Start of Source material

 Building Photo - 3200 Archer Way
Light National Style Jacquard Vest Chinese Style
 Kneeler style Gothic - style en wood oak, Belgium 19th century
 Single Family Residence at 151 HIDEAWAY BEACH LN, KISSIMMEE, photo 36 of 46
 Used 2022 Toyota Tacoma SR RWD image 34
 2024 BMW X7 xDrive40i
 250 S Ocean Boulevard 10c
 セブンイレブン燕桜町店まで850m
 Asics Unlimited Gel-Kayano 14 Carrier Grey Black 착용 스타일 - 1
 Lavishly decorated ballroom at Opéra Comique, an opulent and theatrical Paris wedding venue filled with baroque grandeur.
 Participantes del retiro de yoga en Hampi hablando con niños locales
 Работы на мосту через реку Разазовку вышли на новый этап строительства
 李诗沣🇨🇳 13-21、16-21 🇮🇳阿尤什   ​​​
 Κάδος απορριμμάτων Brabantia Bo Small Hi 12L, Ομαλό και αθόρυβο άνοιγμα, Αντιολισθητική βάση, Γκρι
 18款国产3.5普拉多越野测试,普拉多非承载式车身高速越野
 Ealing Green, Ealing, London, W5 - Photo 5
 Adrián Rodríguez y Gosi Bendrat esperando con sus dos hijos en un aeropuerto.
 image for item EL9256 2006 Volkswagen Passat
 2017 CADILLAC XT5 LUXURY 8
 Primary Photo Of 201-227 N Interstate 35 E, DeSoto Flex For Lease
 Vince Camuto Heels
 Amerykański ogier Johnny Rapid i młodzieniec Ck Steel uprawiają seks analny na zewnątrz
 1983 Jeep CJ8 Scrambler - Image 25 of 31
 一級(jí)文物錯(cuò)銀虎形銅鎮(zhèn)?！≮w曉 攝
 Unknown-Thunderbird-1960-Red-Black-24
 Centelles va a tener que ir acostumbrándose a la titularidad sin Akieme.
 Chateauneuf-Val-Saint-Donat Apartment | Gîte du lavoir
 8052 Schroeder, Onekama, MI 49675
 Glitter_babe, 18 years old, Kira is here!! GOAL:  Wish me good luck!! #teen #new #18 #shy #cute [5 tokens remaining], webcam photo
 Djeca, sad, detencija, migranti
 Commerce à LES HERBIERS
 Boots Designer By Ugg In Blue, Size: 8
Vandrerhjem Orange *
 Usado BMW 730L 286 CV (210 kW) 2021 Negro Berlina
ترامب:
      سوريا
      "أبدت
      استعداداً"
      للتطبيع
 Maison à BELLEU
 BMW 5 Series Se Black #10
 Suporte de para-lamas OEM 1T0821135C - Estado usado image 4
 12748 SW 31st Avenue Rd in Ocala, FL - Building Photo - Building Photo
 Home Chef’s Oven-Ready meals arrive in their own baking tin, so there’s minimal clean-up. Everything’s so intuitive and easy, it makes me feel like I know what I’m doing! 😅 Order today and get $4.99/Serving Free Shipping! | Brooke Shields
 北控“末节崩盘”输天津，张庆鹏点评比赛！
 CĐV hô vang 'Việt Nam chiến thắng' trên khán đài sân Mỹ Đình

End of Source material

### Work to complete
Transcribe, word for word, every line from the one containing "Maison à BELLEU" through the final line of the entries, and nothing else.

### Completed task
 Maison à BELLEU
 BMW 5 Series Se Black #10
 Suporte de para-lamas OEM 1T0821135C - Estado usado image 4
 12748 SW 31st Avenue Rd in Ocala, FL - Building Photo - Building Photo
 Home Chef’s Oven-Ready meals arrive in their own baking tin, so there’s minimal clean-up. Everything’s so intuitive and easy, it makes me feel like I know what I’m doing! 😅 Order today and get $4.99/Serving Free Shipping! | Brooke Shields
 北控“末节崩盘”输天津，张庆鹏点评比赛！
 CĐV hô vang 'Việt Nam chiến thắng' trên khán đài sân Mỹ Đình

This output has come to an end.